As an undergraduate member of the Letteri Lab in the Department of Chemical Engineering, working alongside graduate students, Mullin is gaining valuable research experience. The lab’s work straddles the interface between medicine and engineering by combining synthetic polymers and peptides to produce adaptive (bio)materials. The research offers promising opportunities for new therapeutic strategies for Amyotrophic Lateral Sclerosis, or Lou Gehrig’s disease, among other applications.
“I enjoy the research side of things, doing the hands-on laboratory stuff, it’s all very interesting to me,” he said. "Last summer I was able to attend the University of Delaware with an internship through their Summer Scholars Program in the same type of field. They were doing drug delivery and cancer research and that was the turning moment when I thought, I want to go to grad school, this is really what I want to do.”
This summer, like so many students around the country, Mullin had to adjust his plans because of the pandemic.
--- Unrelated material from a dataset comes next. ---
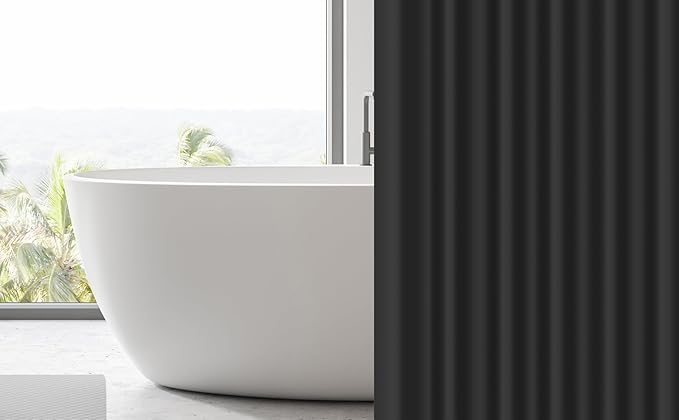EHZNZIE Black Shower Curtain Liner 72x72, PEVA Waterproof Bath Curtain, No Chemical Smell, 3 Weighted Magnets, Durable with Rustproof Metal Grommets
His internship through the UVA Center for Advanced Biomanufacturing, which is a part of the Engineering School and the School of Medicine, was moved online.
“The Letteri Lab received a grant to work on a project involving biomaterials that can be degraded by light,” Mullin said. “My work this summer is reading papers and doing research on the prior work. It's unfortunate that I couldn't be in the lab and do hands-on stuff, but it's nice to still be involved. I was lucky enough to be doing something that I enjoy, in the same kind of field.”
Mullin, who hails from Suffolk, Virginia, received the 2019-2020 Dona and Henry Oldfield Bicentennial Scholarship as part of his overall financial aid package. “It’s been a huge help,” he said. “There's no way I would have been able to cover the cost of attending without it. Last year I was able to cover all of my tuition expenses and cover my off-Grounds rent, which is one thing that's really nice about these scholarships.”
During his second year and for part of his third, Mullin worked part-time at the UVA student call center, Cavalier Connect. But his scholarship allowed him to dial back that job and focus on his schoolwork. “It enabled me to enjoy the UVA experience,” he said. “Obviously, it took a lot of strain off my parents. I have two younger brothers in high school, so to be able to tell them that rent’s covered, tuition’s covered, you don't have to worry about anything, that was really nice to be able to say.”
As Mullin’s fourth year unfolds, he’s looking ahead to graduate school, narrowing down his possible application options, and looking for the right program—one with the right mix of chemical engineering and biomedical research. Not having to worry about financing his final year at UVA helps. “Scholarships are super important because you have all these students, extremely bright, talented students, who want to come here and want to enjoy the University,” he said. “Having generous donors give that to them is really key.”